Leaving out pictures, output exactly the lines below from the one that has "Royal Blue Solid" through the one that has "Orico 4 Ports", and nothing else.

- _Exercise data_
::::::

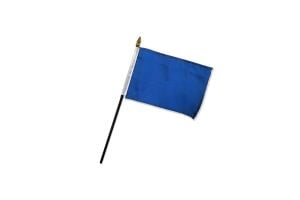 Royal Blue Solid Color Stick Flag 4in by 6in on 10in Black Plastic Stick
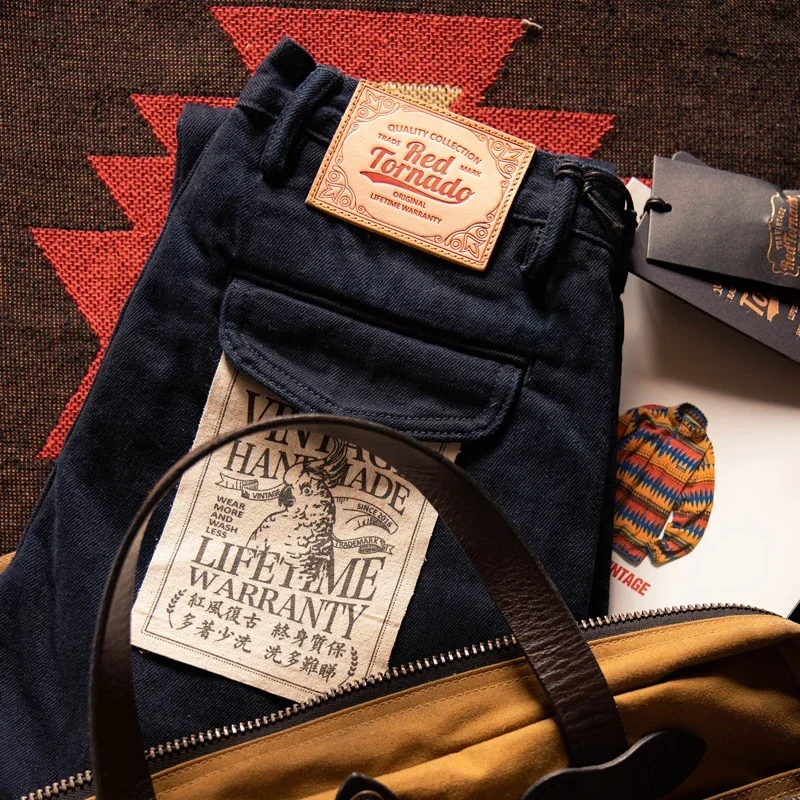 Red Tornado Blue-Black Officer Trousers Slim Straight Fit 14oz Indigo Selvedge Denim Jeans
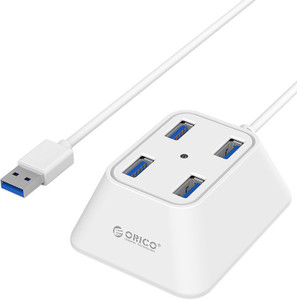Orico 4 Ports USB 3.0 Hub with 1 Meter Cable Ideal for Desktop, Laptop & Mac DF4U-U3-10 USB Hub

::::::

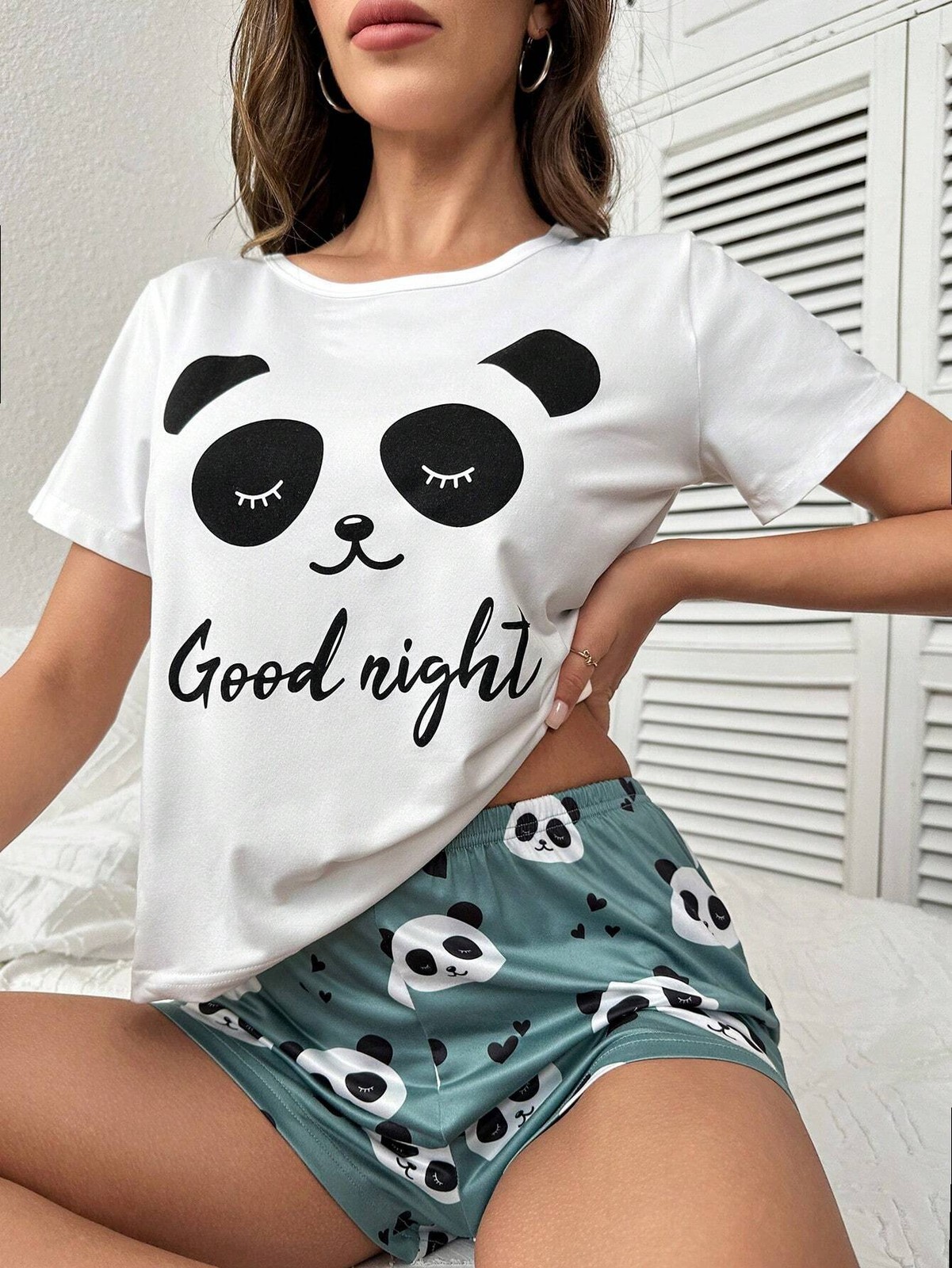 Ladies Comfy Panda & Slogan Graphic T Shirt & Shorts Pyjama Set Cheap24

::::::

- _Written response_
 Royal Blue Solid Color Stick Flag 4in by 6in on 10in Black Plastic Stick
 Red Tornado Blue-Black Officer Trousers Slim Straight Fit 14oz Indigo Selvedge Denim Jeans
Orico 4 Ports USB 3.0 Hub with 1 Meter Cable Ideal for Desktop, Laptop & Mac DF4U-U3-10 USB Hub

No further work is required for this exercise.